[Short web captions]
+ + + + + + +

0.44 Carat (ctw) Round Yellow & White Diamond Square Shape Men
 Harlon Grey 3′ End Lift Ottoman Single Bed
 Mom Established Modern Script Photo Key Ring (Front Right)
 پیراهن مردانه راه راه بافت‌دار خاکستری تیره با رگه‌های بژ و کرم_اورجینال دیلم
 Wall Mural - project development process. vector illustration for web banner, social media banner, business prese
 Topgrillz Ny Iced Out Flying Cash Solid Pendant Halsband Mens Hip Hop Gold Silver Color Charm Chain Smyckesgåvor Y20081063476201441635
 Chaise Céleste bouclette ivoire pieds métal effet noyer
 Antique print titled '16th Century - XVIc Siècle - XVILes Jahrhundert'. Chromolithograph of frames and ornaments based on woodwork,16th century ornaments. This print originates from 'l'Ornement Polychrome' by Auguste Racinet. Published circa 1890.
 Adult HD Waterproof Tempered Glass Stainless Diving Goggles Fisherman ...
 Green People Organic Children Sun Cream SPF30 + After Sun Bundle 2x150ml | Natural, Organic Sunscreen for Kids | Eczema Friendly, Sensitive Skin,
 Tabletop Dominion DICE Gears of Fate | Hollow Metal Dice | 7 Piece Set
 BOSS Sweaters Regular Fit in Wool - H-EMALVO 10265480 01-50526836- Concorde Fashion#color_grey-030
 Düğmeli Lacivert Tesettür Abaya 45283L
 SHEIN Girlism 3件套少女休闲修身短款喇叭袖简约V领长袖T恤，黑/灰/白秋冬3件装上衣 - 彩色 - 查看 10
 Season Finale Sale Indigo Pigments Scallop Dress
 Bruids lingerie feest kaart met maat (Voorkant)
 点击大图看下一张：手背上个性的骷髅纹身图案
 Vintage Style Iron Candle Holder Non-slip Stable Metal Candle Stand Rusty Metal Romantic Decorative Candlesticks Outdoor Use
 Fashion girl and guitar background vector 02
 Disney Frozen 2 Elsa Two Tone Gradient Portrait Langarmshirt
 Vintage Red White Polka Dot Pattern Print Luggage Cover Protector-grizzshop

+ + + + + + +

EXERCISE DESCRIPTION: In full and without change, transcribe every line of the records above.

SOLUTION:
0.44 Carat (ctw) Round Yellow & White Diamond Square Shape Men
 Harlon Grey 3′ End Lift Ottoman Single Bed
 Mom Established Modern Script Photo Key Ring (Front Right)
 پیراهن مردانه راه راه بافت‌دار خاکستری تیره با رگه‌های بژ و کرم_اورجینال دیلم
 Wall Mural - project development process. vector illustration for web banner, social media banner, business prese
 Topgrillz Ny Iced Out Flying Cash Solid Pendant Halsband Mens Hip Hop Gold Silver Color Charm Chain Smyckesgåvor Y20081063476201441635
 Chaise Céleste bouclette ivoire pieds métal effet noyer
 Antique print titled '16th Century - XVIc Siècle - XVILes Jahrhundert'. Chromolithograph of frames and ornaments based on woodwork,16th century ornaments. This print originates from 'l'Ornement Polychrome' by Auguste Racinet. Published circa 1890.
 Adult HD Waterproof Tempered Glass Stainless Diving Goggles Fisherman ...
 Green People Organic Children Sun Cream SPF30 + After Sun Bundle 2x150ml | Natural, Organic Sunscreen for Kids | Eczema Friendly, Sensitive Skin,
 Tabletop Dominion DICE Gears of Fate | Hollow Metal Dice | 7 Piece Set
 BOSS Sweaters Regular Fit in Wool - H-EMALVO 10265480 01-50526836- Concorde Fashion#color_grey-030
 Düğmeli Lacivert Tesettür Abaya 45283L
 SHEIN Girlism 3件套少女休闲修身短款喇叭袖简约V领长袖T恤，黑/灰/白秋冬3件装上衣 - 彩色 - 查看 10
 Season Finale Sale Indigo Pigments Scallop Dress
 Bruids lingerie feest kaart met maat (Voorkant)
 点击大图看下一张：手背上个性的骷髅纹身图案
 Vintage Style Iron Candle Holder Non-slip Stable Metal Candle Stand Rusty Metal Romantic Decorative Candlesticks Outdoor Use
 Fashion girl and guitar background vector 02
 Disney Frozen 2 Elsa Two Tone Gradient Portrait Langarmshirt
 Vintage Red White Polka Dot Pattern Print Luggage Cover Protector-grizzshop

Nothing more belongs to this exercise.